Does the distance functions $d_t(x,y) = \inf\{\text{len}(\gamma)\mid \gamma \text{ curve that connects } x \text{ to } y\}$, induced by the metrics $g_t$,  converge pointwise to the distance function $d(x,y)$ induced by the metric $g$?
In particular I am thinking of surfaces $S_t$ with metrics of the form $ds^2= dx^2+G_t(x)^2dy^2$.
 A: Fix two points $p, q\in M$. Let $d$ denote the distance function of $g$ and $d_t$ the distance functions of the Riemannian metrics $g_t$. Let $L_h()$ denote the length of paths function with respect to the Riemannian metric $h$. Let $c$ denote a minimizing geodesic for $g$ between $p$ and $q$. Then $L_{g_t}(c)\to L_g(c)$ as $t\to 0$, since $g_t\to g$ uniformly. 

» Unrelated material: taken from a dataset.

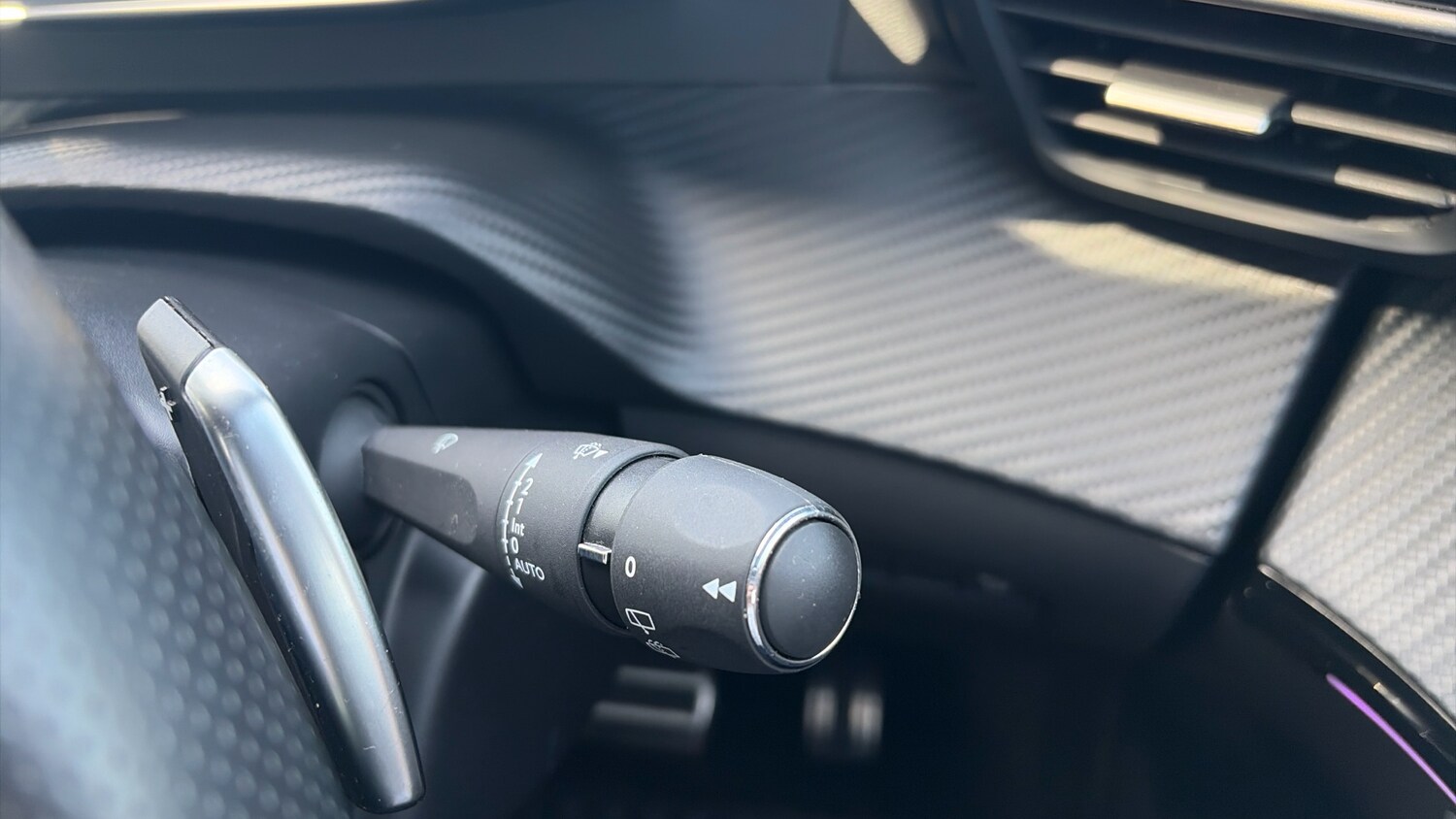 Used Peugeot 2008 2023 for sale - 78186275: Photo 28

From this you can see that
$$
d(p,q)\ge \lim\sup_{t\to 0} L_{g_t}(c) \ge \lim\sup_{t\to 0} d_t(p,q).    
$$ 
Conversely, let $c_t$ denote minimizing geodesics from $p$ to $q$ for $g_t$, parameterized by the arclengths. Since $g_t\to g$ uniformly, the sequence $c_t: [0, d_t(p,q)]\to M$ is uniformly Lipschitz. Applying Arzela-Ascoli theorem (and taking compactness of $M$ into account) we see that the family $c_t$  subconverges (as $t\to 0$) to a Lipschitz path $c$ from $p$ to $q$. (In order to use the Arzela-Ascoli theorem you extend each path $c_t$ by the constant $q$ to $[0,\infty) - [0,d_t(p,q)]$.)  With a bit of work you also see that for a convergent sequence $c_{t_i}$, 
$$L_{g_{t_i}}(c_{t_i})\to L(g(c)).$$ Therefore,
$$
d(p,q)\le L_g(c) \le \lim\inf_{t\to 0} d_t(p,q).
$$ 
(In order to get $\lim\inf$ you have tinker with subsequences a bit more.)  Hence,
$$
d(p,q)= \lim_{t\to 0} d_t(p,q).
$$